Your copy should hold only the lines from the one with "Casual African Woman" to the one with "جناح بسرير مزدوج", both included, each exactly as it stands below, with no pictures.

[DATA]:

┌────────

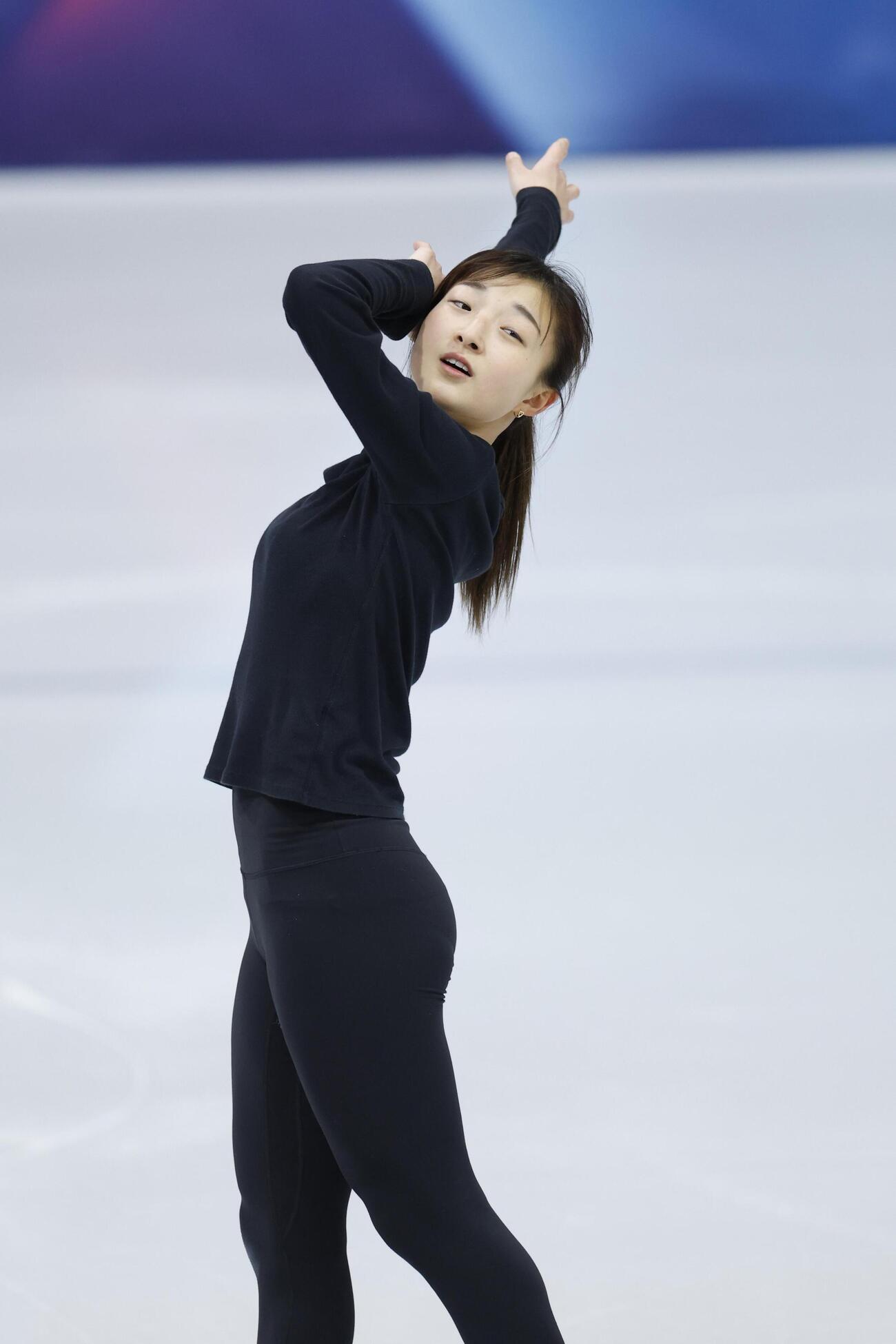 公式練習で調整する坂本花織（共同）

└────────
┌────────

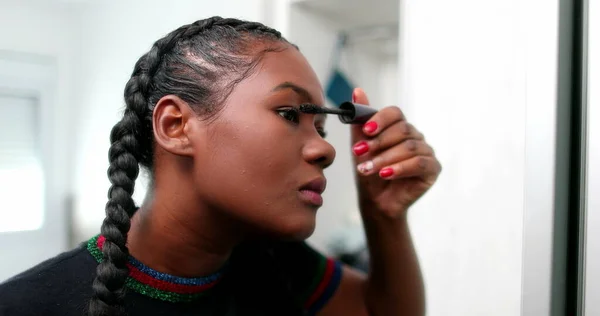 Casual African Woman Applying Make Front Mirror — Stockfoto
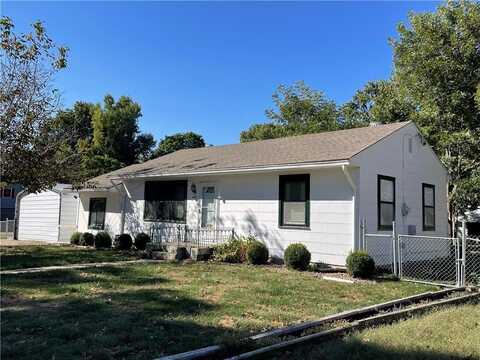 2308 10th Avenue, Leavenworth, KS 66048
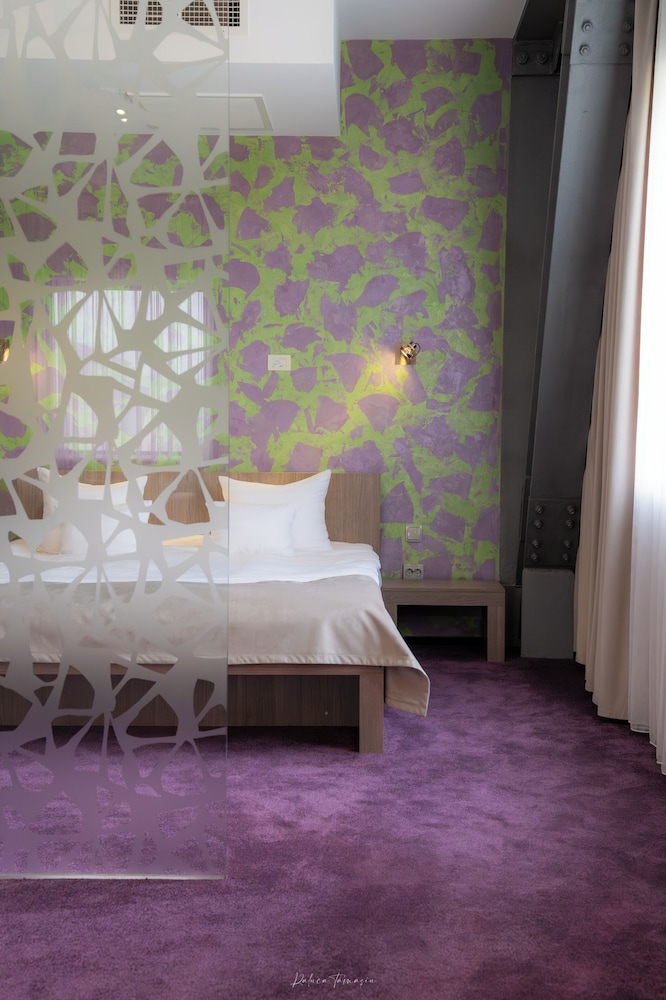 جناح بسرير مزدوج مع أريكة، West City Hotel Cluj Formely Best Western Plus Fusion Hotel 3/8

└────────

[EXERCISE SOLUTION]:
 Casual African Woman Applying Make Front Mirror — Stockfoto
 2308 10th Avenue, Leavenworth, KS 66048
 جناح بسرير مزدوج مع أريكة، West City Hotel Cluj Formely Best Western Plus Fusion Hotel 3/8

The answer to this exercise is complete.